"I think it was very political and sad and I think does not speak well for those who attacked her. I've known Susan since she was 4 years old. I think she's a remarkable person who has served our country in a number of different posts. She was assistant secretary for Africa when I was secretary of State.
"I think she's done and amazing job at the United Nations, making very clear what American national interests are, and I think she would have been a great secretary of state," said Albright on CBS' "This Morning."
Republicans have accused Rice of misleading the public during appearances on Sunday talk shows where she discussed the violent attacks in Benghazi, Libya, that led to the death of the U.S. Ambassador Christopher Stevens and three other Americans on Sept. 11.

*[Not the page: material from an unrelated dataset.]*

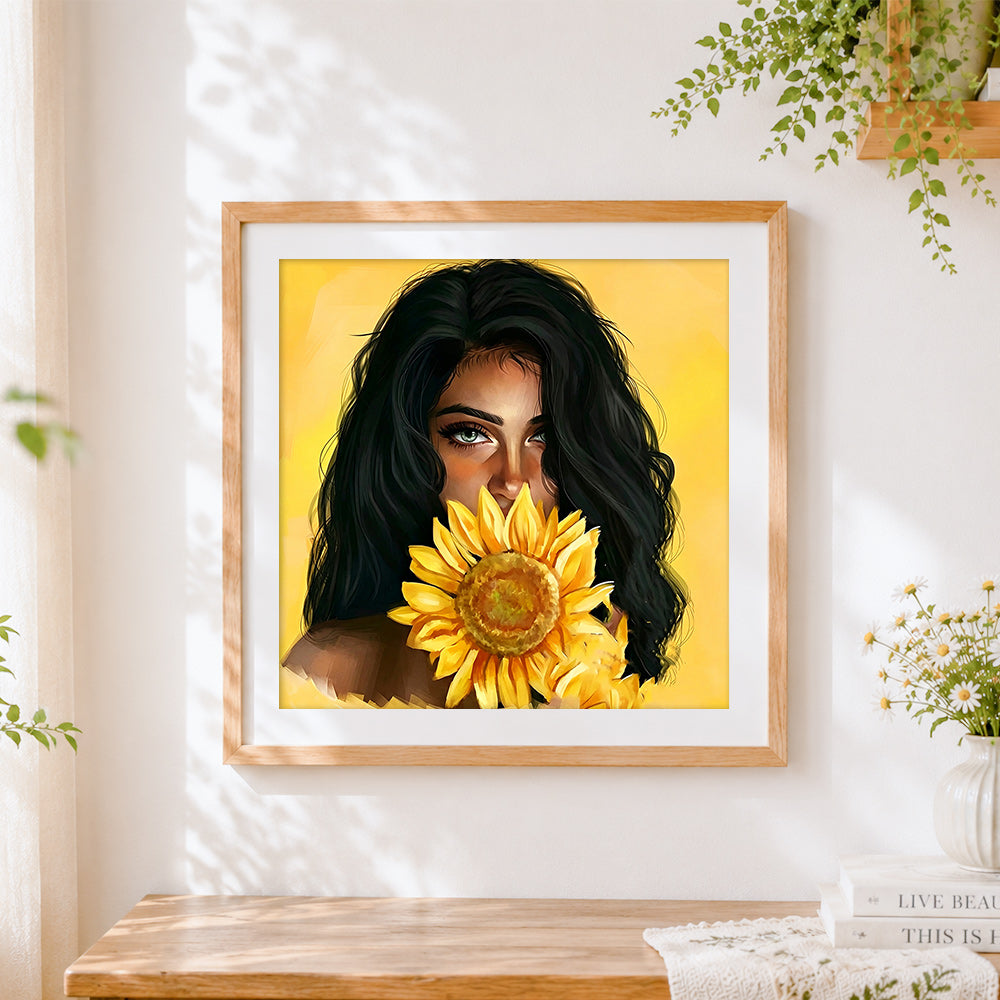 Finished woman with a sunflower cross stitch artwork displayed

Albright, who served under President Clinton as the first woman to hold the top diplomat position, lamented the loss of Rice as a contender for secretary of State.
"I'm really sorry that this has happened, because she would have been great and she is wonderful and she doesn't deserve, as a human being, she does not deserve the attacks that were made upon her that were false. It was really outrageous," Albright said.
Rice said that she wanted to avoid what was bound to be a "disruptive" nomination process in a letter to Obama.
“If nominated, I am now convinced that the confirmation process would be lengthy, disruptive and costly — to you and to our most pressing national and international priorities,” Rice wrote. “That trade-off is simply not worth it to our country.”